Het is er tijd voor. Dat bedacht ik me rond oktober, toen ik op de uni bezig was aan mijn pre-master en in een soort continue staat van paniek zelfs de minuten in de tram een tijdverspilling vond, want ik wilde immers ieder artikel kunnen dromen. Dat principe had ik met de start van de master in februari inmiddels laten varen (samenvattingen zijn fan-tas-tisch), maar de behoefte om op mezelf te gaan en in de stad achter de duinen te gaan wonen verdween niet. Ik was er inmiddels oud genoeg voor en stel dat ik bang zou worden in het donker (ja, dat heb ik en nee, daar groei je niet uit) dan zou ik vanuit Den Haag binnen een half uur bij mijn mama op de stoep staan. Dus wat kon er nou eigenlijk misgaan? Dacht ik..
Ik bleek dus uiteindelijk te zijn gevallen voor een klushuis. Ik noem het mijn klushuis maar daarmee geef ik de studio exclusief badkamer en inclusief muizenkeutels eigenlijk teveel eer. Toen ik mijn klushuis bekeek stonden de meubels van de eigenaar nog (strategisch) in de kamer en ik viel voor het lieve balkonnetje en de locatie (Zeeheldenkwartier is opkomend en mega en ik blog nog een keer waarom). Toen ik op 1 april binnenstapte voor de sleuteloverhandiging samen met mijn moeder dacht ze dat ik het klushuis als passende grap liet zien. Langzaam zag ik haar gezicht van ‘Haha jaja’ naar ‘oh no Joyce you didn’t’ vertrekken. Ook ik stond aan de grond genageld, want zonder meubels werd de realiteit pijnlijk duidelijk. Het was een zwijnenstal, terwijl ik de vorige huurder de volgende dag nog vrolijk aan de telefoon had dat de schoonmaak goed gelukt was en dat één keer witten wellicht niet nodig zou zijn. Hij had gelijk, het werden drie keer witten voor de muren, vijf keer voor de deuren en blind twee potten verf binnen gooien in de keuken.
Terwijl mijn huurbaas vriendelijk de sleutels in mijn hand liet vallen, merkte hij op dat hij vond dat alles er prima uitzag, hoewel een schoonmaakbeurt de boel wel zou opfleuren. Ik merkte vooral dat onze meningen omtrent primaire levensbehoeften erg uiteenliepen. Ook heeft hij een slecht inschattingsvermogen voor wat betreft het binnen handbereik van mijn moeder staan terwijl haar gezicht inmiddels op ‘iemand gaat het ontgelden want mijn kleine baby overleeft het hier nog geen week’ stond.

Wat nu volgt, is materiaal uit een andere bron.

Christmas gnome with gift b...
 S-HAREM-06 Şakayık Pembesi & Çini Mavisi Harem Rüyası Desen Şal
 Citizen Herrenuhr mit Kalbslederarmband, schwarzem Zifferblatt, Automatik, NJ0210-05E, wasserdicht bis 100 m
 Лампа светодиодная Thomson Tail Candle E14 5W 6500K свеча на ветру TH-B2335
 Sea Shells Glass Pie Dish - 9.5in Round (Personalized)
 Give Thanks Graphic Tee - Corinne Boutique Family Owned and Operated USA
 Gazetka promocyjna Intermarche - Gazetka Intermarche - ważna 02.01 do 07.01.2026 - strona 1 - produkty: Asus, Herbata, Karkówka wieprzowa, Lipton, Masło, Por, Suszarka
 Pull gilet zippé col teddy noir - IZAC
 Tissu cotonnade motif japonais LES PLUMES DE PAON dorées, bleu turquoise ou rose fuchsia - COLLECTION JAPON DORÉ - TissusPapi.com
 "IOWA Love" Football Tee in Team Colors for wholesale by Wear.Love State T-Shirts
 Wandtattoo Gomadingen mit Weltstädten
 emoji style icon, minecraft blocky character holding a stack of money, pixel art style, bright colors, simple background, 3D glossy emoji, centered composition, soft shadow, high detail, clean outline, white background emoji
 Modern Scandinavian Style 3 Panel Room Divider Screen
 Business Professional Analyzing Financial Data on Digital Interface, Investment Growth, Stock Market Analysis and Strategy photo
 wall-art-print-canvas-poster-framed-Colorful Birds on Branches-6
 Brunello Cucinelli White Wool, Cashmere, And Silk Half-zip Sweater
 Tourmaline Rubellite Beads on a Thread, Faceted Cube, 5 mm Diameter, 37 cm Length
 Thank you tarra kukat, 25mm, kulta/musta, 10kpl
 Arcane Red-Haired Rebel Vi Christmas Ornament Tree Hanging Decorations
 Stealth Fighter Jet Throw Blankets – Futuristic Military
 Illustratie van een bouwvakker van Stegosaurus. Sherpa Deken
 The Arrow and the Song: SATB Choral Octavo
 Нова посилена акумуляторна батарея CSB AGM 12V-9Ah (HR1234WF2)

Ik heb geleerd dat er verschillende soorten klussers zijn. Mijn vriendin Nathalie is twee keer antikraak verhuisd, was nergens bang voor en kon witten als een malle; zij was “de ervaren-maak-je-geen-zorgen-het-wordt-echt-mooier-klusser”. Mijn kleine zusje was een dieseltje, eenmaal op gang onvermoeibaar en consistent en blijkbaar goed in sauzen; “de laat-mij-maar-ik-ben-zo-klaar-klusser”. Mijn moeder wapende zich dapper met schuursponsjes, soda en schoonmaakhandschoenen en ging de keutels in de keuken te lijf; “de superheld-vecht-tegen-vuil-klusser”. En mijn lieve vriendje kwam, zag en overwon en knapte in een dag de hele keuken en de kamer op zonder een onvertogen woord; “de nee-ik-maak-dit-even-af-oeps-ik-heb-alles-even-gedaan-nu-is-het-ineens-best-mooi-klusser”. Ik ben trouwens “de spontane-mental-breakdown-klusser” met weinig échte toegevoegde waarde maar wel met kans op spontane huilbuien en stampvoet-aanvallen. Ik breng dus een soort afleiding, dus dat was ook wel leuk.
Gedurende het klusweekend werd er dus gewit, gehuild, gewit, gekit, gewit, gepoetst, geboend, weggebrand, gehuild, gewit en uiteindelijk gelachen. Want na drie volle dagen klussen, verven, schoonmaken, broodjes eten en meedansen met FunX ziet de studio er bewoningswaardig uit en kan ik door de rommel en viezigheid heen kijken en weer een beetje lachen. En ik heb een lesje voor life geleerd: ik zeg nooit meer ja tegen een woning na een bezichtiging van vijf minuten… denk ik.